Nas semifinais dos 100m, Paulo André de Oliveira fez 10.08 na 1ª bateria, com vento de 2,1m/s. Com vento válido de 1,6m/s na 2ª bateria, Vitor Hugo dos Santos marcou 10.07 e conseguiu o índice pro Mundial.

Na decisão, Paulo André deu show! Mesmo atrapalhado por duas saídas falsas, o vice-campeão do Pan de Lima não se abalou para vencer com espetaculares 9.90, contra 10.10 de Derick Silva e 10.12 de Vitor Hugo. Infelizmente, a marca não vale como recorde sul-americano pois o vento foi de 3,2m/s, acima do máximo de 2,0 permitido para validar recordes.
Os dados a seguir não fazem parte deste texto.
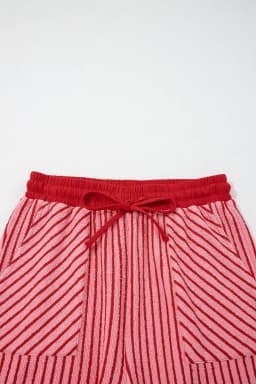 image-Khaki Stripe Crew Neck Tee Drawstring Waist Cropped Pants Set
Ainda assim, ele foi o 1º brasileiro a fazer os 100m abaixo dos 10s, mesmo com vento acima, mas igualou o melhor tempo de um sul-americano com vento inválido. A melhor marca de um brasileiro com vento acima era de 10.06 de Arnaldo da Silva Oliveira em 1985 no Japão, com um tornado de +7,7m/s, e a de um sul-americano era de Adam Harris, da Guiana, de 2014. O recorde sul-americano segue do Robson Caetano de 10.00 obtido em 1988.
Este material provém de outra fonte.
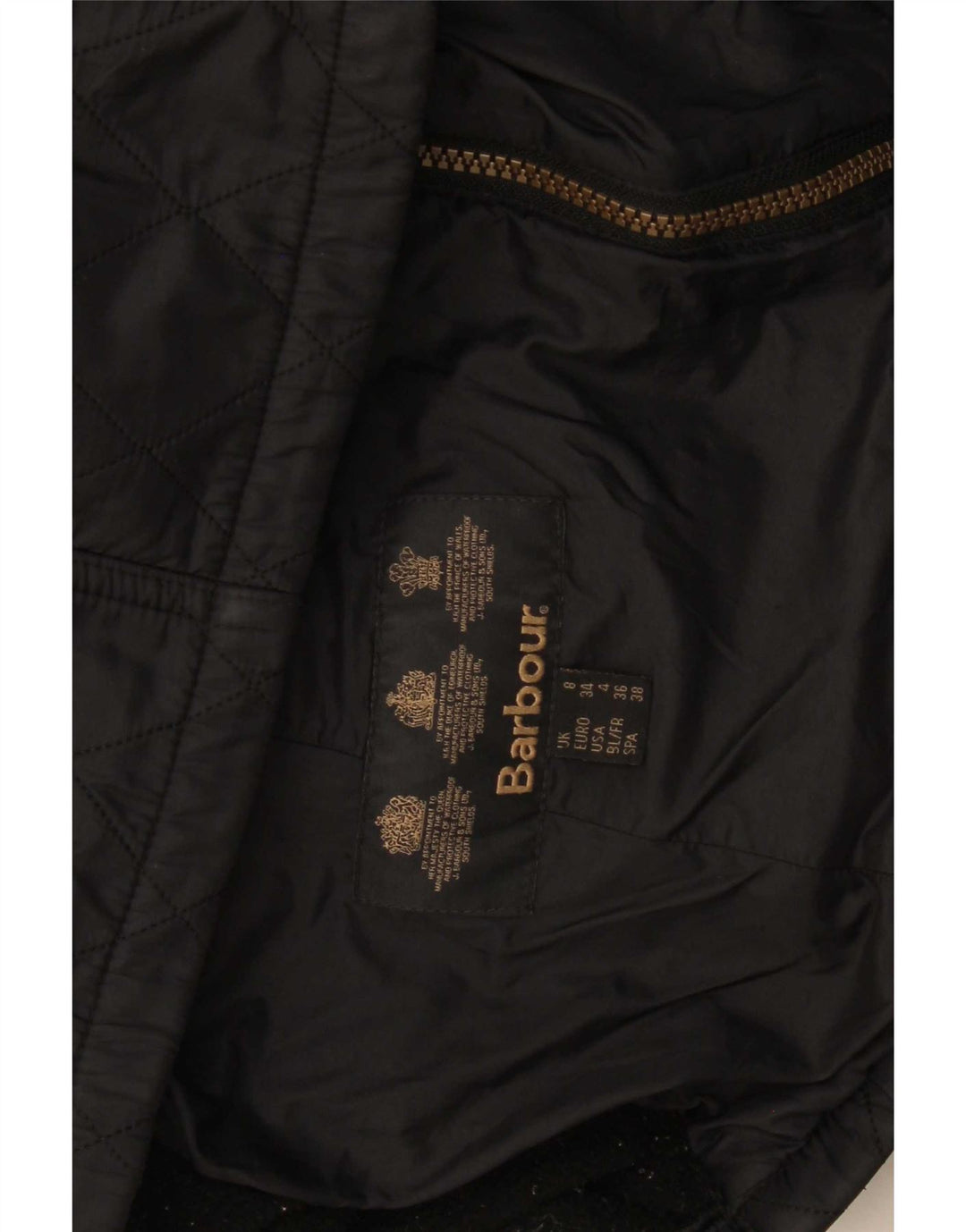 Barbour Damen Steppjacke mit Kapuze, UK 8, Small, Schwarz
Rosângela Santos venceu os 100m feminino com 11.23 (+1,6) e conseguiu índice pro Mundial de Doha. Sem grandes marcas nas outras finais. No martelo, Allan Wolski venceu com 71,07m e Mariana Marcelino com fraquíssimos 58,45m. Ouro do Pan, Ederson Pereira venceu os 10.000m com 29:35.62 e Jenifer do Nascimento Silva no feminino com 34:35.84. Nos 1.500m, vitórias de Carlos de Oliveira Santos com 3:45.52 e Tatiane Raquel da Silva com 4:30.06.